Presidential spokesman Salvador Panelo said at a press briefing they are against the extension of the agreement.

“It has not even expired and yet there is already an extension. We have to file a case in court, this is one of the options being studied by the DOJ (Department of Justice),” he said.

It was in 1997 when former president Fidel Ramos solicited bids for concession agreements with MWSS to address the water crisis in Metro Manila spawned by the incapability of the MWSS to maintain viable operations due to technical inefficiencies and huge debts.

Even before the contract expires by 2022, it was already renewed and extended as early as 2009.

Manila Water already said it has received a letter from MWSS asking them to submit its comments and positions on certain provisions of the concession agreements with the MWSS.

Manila Water maintained it was the administration at that time that initiated an extension of the contract by 15 years so as to lower the impact of the tariff increases.

“If it was not extended, price of water at that time could have gone up to P37 from P16,” Almendras said.

Meanwhile, Panelo said the government can always rescind the contract if the agreement runs contrary to public policy and interest.

Asked who will take over if the contracts were revoked, Panelo said the government can do it and then offer it to the private sector through bidding.

“The President wants onerous provisions removed.
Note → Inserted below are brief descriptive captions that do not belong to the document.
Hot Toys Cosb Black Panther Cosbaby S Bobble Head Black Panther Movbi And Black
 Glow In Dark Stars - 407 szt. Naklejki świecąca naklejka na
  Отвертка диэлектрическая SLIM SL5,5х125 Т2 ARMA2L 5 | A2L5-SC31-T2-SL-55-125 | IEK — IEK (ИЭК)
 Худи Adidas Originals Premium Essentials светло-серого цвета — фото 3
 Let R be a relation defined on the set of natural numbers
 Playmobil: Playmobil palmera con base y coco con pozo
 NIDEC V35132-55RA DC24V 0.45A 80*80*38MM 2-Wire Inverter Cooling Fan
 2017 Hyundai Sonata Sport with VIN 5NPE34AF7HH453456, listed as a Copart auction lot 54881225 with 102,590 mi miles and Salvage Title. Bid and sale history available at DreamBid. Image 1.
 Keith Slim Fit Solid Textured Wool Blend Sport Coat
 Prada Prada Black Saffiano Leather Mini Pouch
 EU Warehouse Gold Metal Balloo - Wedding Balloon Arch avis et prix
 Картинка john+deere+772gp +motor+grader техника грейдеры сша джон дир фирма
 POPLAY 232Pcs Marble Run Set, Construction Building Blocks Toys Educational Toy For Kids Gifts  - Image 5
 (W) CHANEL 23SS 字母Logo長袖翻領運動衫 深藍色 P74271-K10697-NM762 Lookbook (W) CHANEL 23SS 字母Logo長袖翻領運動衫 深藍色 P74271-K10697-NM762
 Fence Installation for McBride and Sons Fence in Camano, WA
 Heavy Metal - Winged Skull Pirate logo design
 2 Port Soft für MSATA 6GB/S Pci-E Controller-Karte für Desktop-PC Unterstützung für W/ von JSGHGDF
If that can be done without going to the courts, then we have no problem but if not, we have to go to the court,” he added.

“The President wants to know why they allowed these provisions to be agreed upon by the principals. He does not want compromise with respect to the onerous provisions. He wants all those removed,” Panelo said.

‘Good news’

Rep. Mike Defensor, public accountability committee chairman, said the development was “good news for the Filipino people.”

House Deputy Speaker Prospero Pichay Jr. and Dasmarinas City Rep. Elpidio Barzaga Jr. moved to “subpoena” all the signatories to the allegedly onerous contracts both water concessionaires signed, including government lawyers.

The name of former solicitor general Florencio Hilbay cropped up, being the predecessor of incumbent Solicitor General Jose Calida who questioned the petition for rate hike of Manila Water. Hilbay represented the government in 2015.

Also mentioned was Roberto de Ocampo, finance chief during the Ramos administration.

Maynilad, originally of the Lopez Group, was eventually sold to the group of businessman-philantropist Manny V. Pangilinan in 2007.

Rep. Robert Ace Barbers of Surigao del Norte, chairman of the House dangerous drugs committee but who also sits as vice chairman of the Alvarado committee, advised his colleagues to refrain from interchanging the words “renewal” and “extension.”

“The two words are entirely different. Even if we check on the dictionary a renewal is totally different from extension,” he explained, as some lawmakers were vague about Manila Water’s franchise extension until 2037 even if it was not up for renewal yet.